[ENTRIES SUPPLIED — start]
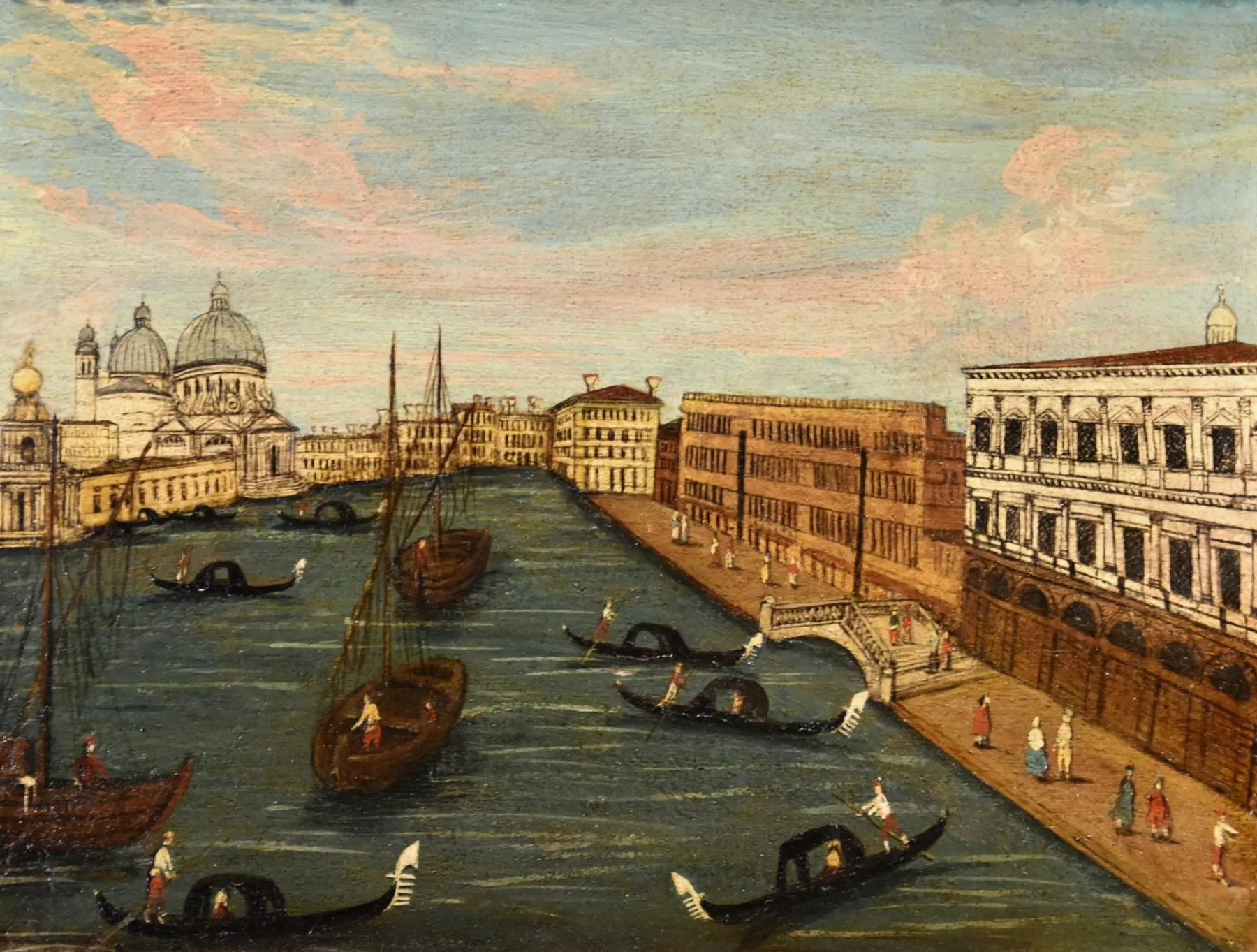 18th-century painting of gondolas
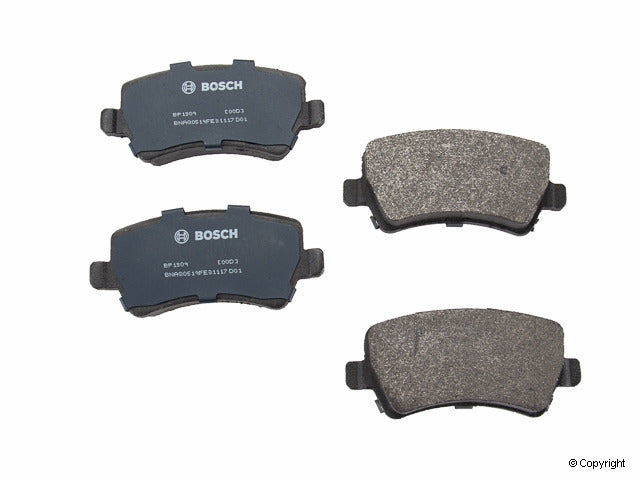 Top View of Rear Disc Brake Pad Set BOSCH BP1307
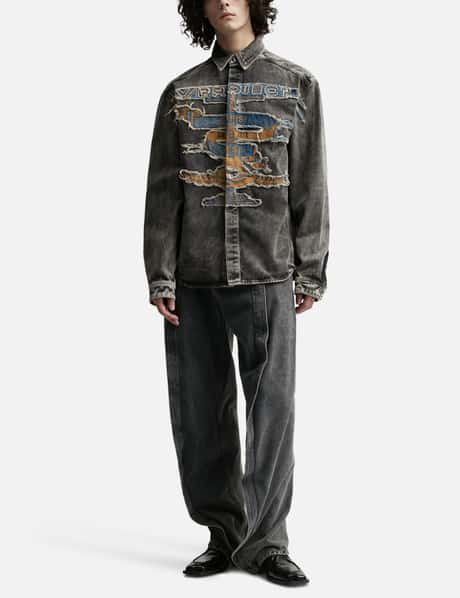 Y/PROJECT - パリ ベスト パッチ デニム シャツ | HBX - ハイプ  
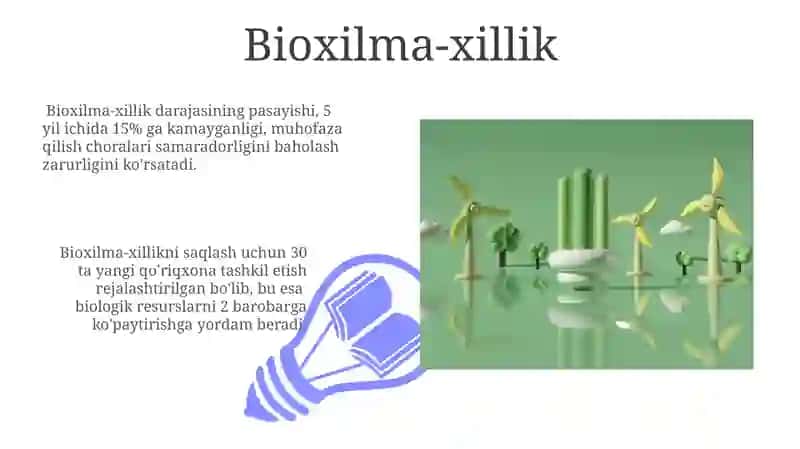 Ekologiyani rivojlantirish 3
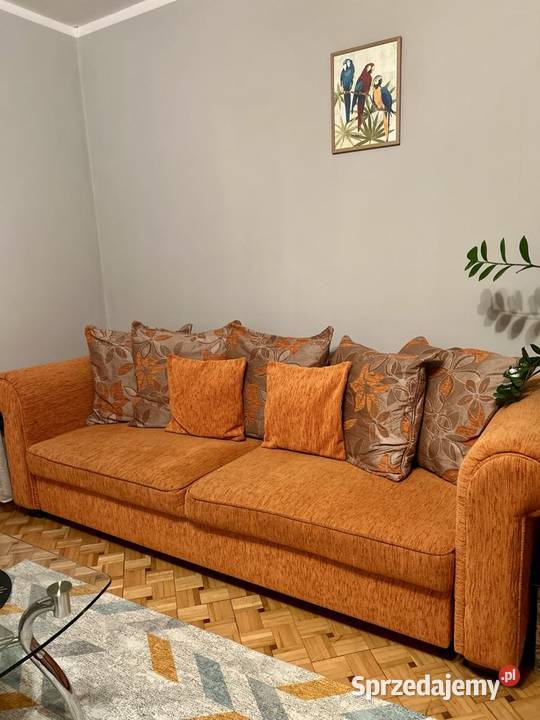 sofa rozkładania z pojemnikiem na pościel i Wilkowice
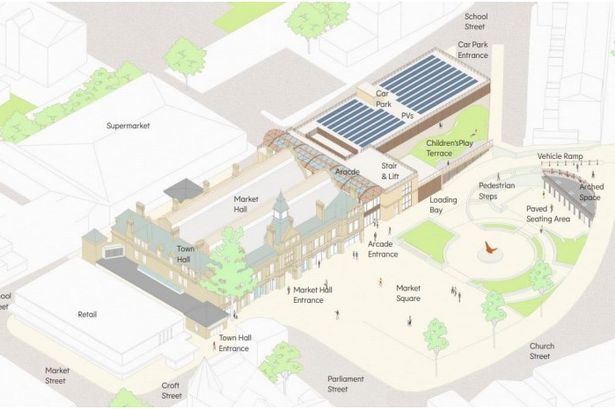Multi-million pound market hall revamp with glass roof arcade gets the go ahead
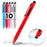 Zoomgoods Stylus Pens IS10M [Multi Colour] [pack of 10] Refillable Ballpoint Pen & Rubber Stylus 2-in-1, Capacitive Stylus Pens for Touch Screen Devices for iPad, Tablet, Surface, Laptops, Kindle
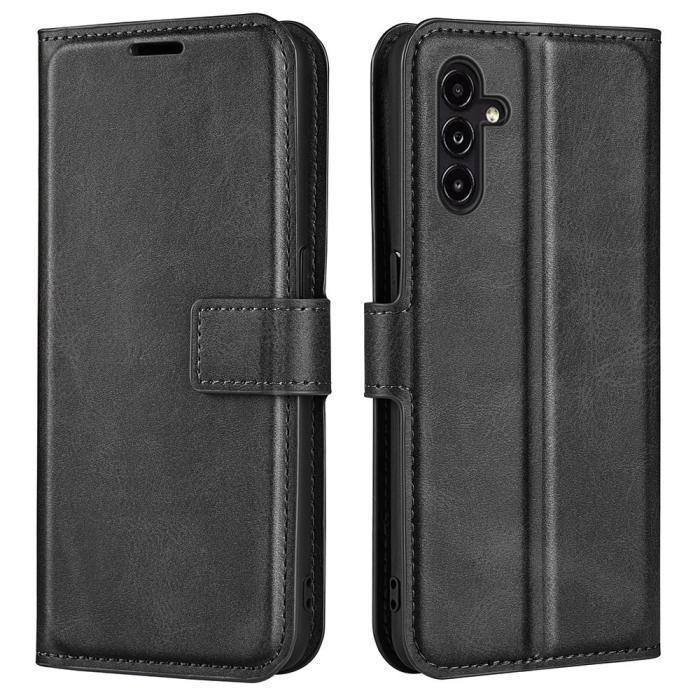 Bild 1, Samsung Galaxy A14 4G/5G Fodral Läder Svart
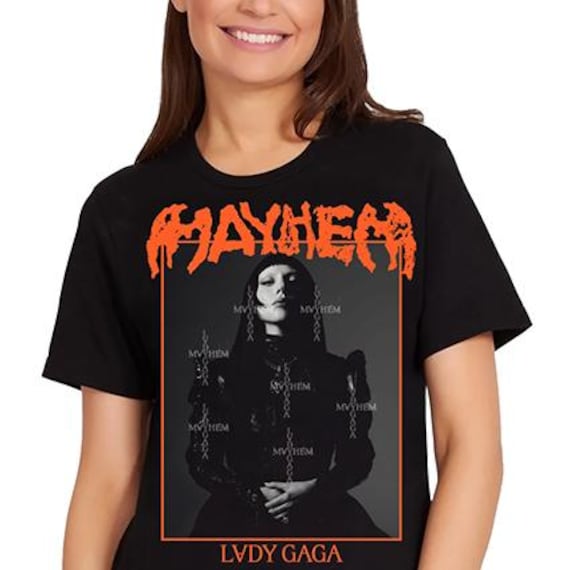 Mayhem Lady Gaga T-shirt Design PNG PSD DTF - Etsy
[ENTRIES SUPPLIED — finish]
**WORK ITEM:**
Set the data above down again exactly as given, with no pictures.

**WORKED SOLUTION:**
 18th-century painting of gondolas
 Top View of Rear Disc Brake Pad Set BOSCH BP1307
 Y/PROJECT - パリ ベスト パッチ デニム シャツ | HBX - ハイプ  
 Ekologiyani rivojlantirish 3
 sofa rozkładania z pojemnikiem na pościel i Wilkowice
Multi-million pound market hall revamp with glass roof arcade gets the go ahead
 Zoomgoods Stylus Pens IS10M [Multi Colour] [pack of 10] Refillable Ballpoint Pen & Rubber Stylus 2-in-1, Capacitive Stylus Pens for Touch Screen Devices for iPad, Tablet, Surface, Laptops, Kindle
 Bild 1, Samsung Galaxy A14 4G/5G Fodral Läder Svart
 Mayhem Lady Gaga T-shirt Design PNG PSD DTF - Etsy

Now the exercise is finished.